**WHAT YOU ARE ASKED TO DO**
Retype the data that follows with no alterations, please.

**Dataset excerpts**

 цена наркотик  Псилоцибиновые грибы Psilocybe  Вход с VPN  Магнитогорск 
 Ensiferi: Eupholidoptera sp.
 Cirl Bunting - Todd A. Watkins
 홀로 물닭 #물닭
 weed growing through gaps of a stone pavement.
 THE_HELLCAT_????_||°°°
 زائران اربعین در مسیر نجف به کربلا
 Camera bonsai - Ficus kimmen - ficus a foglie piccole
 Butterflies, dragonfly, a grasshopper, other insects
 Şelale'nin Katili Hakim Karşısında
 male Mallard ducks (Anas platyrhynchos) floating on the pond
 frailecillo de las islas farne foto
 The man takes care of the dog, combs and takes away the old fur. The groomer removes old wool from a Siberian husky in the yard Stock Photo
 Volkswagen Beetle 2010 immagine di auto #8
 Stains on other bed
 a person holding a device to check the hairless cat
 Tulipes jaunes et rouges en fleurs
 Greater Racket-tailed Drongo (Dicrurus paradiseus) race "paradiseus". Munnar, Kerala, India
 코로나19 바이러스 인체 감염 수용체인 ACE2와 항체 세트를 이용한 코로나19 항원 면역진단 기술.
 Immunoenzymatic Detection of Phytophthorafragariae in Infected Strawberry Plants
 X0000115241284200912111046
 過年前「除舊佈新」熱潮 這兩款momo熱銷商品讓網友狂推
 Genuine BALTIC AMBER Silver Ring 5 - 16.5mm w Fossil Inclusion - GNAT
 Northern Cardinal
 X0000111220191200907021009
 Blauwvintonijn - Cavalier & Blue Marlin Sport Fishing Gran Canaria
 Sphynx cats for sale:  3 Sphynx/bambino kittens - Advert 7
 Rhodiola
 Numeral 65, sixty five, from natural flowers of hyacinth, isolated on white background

**OUTPUT FOR THIS TASK**
 цена наркотик  Псилоцибиновые грибы Psilocybe  Вход с VPN  Магнитогорск 
 Ensiferi: Eupholidoptera sp.
 Cirl Bunting - Todd A. Watkins
 홀로 물닭 #물닭
 weed growing through gaps of a stone pavement.
 THE_HELLCAT_????_||°°°
 زائران اربعین در مسیر نجف به کربلا
 Camera bonsai - Ficus kimmen - ficus a foglie piccole
 Butterflies, dragonfly, a grasshopper, other insects
 Şelale'nin Katili Hakim Karşısında
 male Mallard ducks (Anas platyrhynchos) floating on the pond
 frailecillo de las islas farne foto
 The man takes care of the dog, combs and takes away the old fur. The groomer removes old wool from a Siberian husky in the yard Stock Photo
 Volkswagen Beetle 2010 immagine di auto #8
 Stains on other bed
 a person holding a device to check the hairless cat
 Tulipes jaunes et rouges en fleurs
 Greater Racket-tailed Drongo (Dicrurus paradiseus) race "paradiseus". Munnar, Kerala, India
 코로나19 바이러스 인체 감염 수용체인 ACE2와 항체 세트를 이용한 코로나19 항원 면역진단 기술.
 Immunoenzymatic Detection of Phytophthorafragariae in Infected Strawberry Plants
 X0000115241284200912111046
 過年前「除舊佈新」熱潮 這兩款momo熱銷商品讓網友狂推
 Genuine BALTIC AMBER Silver Ring 5 - 16.5mm w Fossil Inclusion - GNAT
 Northern Cardinal
 X0000111220191200907021009
 Blauwvintonijn - Cavalier & Blue Marlin Sport Fishing Gran Canaria
 Sphynx cats for sale:  3 Sphynx/bambino kittens - Advert 7
 Rhodiola
 Numeral 65, sixty five, from natural flowers of hyacinth, isolated on white background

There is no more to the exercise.